New minimum wage will increase migration to UK, claim anti-EU campaigners
Groups campaigning for the UK to leave the EU have claimed the forthcoming increase in the country’s minimum wage will prompt a boom of immigration.
The Vote Leave and Conservatives for Britain campaigns, which are advocating a “no” vote in the future referendum on the UK’s membership of the EU, argue that the hike to the minimum wage due to come into effect next year will mean prime minister David Cameron's aim to ban recent EU migrants from claiming benefits will have no effect on migration.
MP Steve Baker, co-chair of Conservatives for Britain, commented that: “Even if the prime minister secures a deal on migrant benefits, this wouldn’t have even the slightest impact on immigration flows. The living wage will make any tax credit cuts irrelevant […] This whole farce makes clear that the renegotiation has become focused on a trivial issue that is fatally undermined by the facts on the ground. The only way to take back control is to vote leave.”
The UK’s minimum wage for over-25s is set to increase to £7.20 an hour in 2016 and over £9 by 2020, a policy branded the national living wage.
The British government has committed to holding a referendum on the UK’s continued membership of the EU by 2017. Recent reports have suggested it could take place as early as summer 2016.
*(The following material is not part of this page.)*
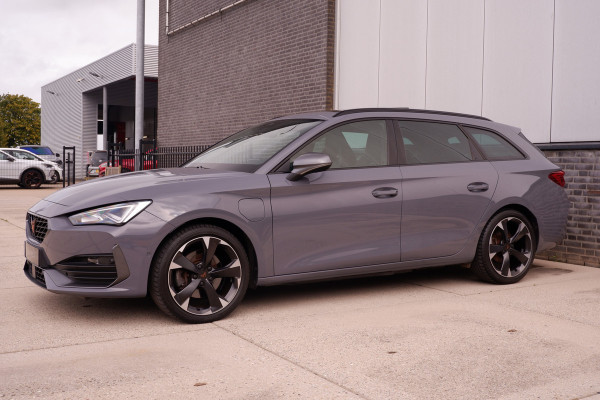 CUPRA Leon Sportstourer 1.4 e-Hybrid VZ Performance 245PK | Panoramadak | | Sfeerverlichting | Camera | Carplay | LED |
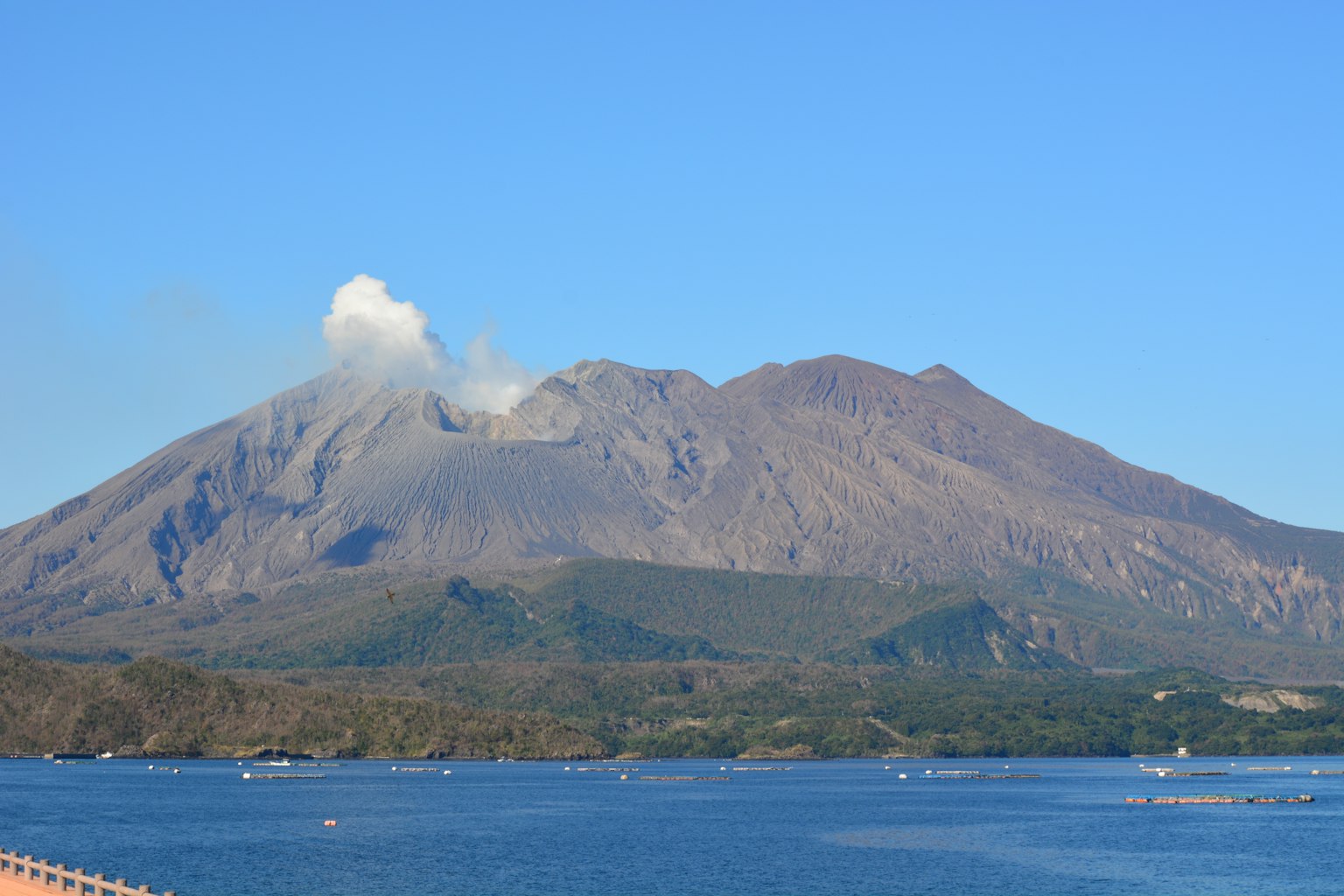 在晴朗的蓝天下，活火山冒烟的景色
Corrado Giulietti has written for IZA World of Labor about whether minimum wages induce immigration. He writes that there is mixed evidence of whether minimum wages attract or deter migrants, and argues that: "When introducing or raising the minimum wage, policymakers should consider the potential effects of the policy on the migration choices of individuals living abroad. Furthermore, minimum wage and immigration policies should be coordinated if central and local governments wish to control the effects of the minimum wage beyond local borders."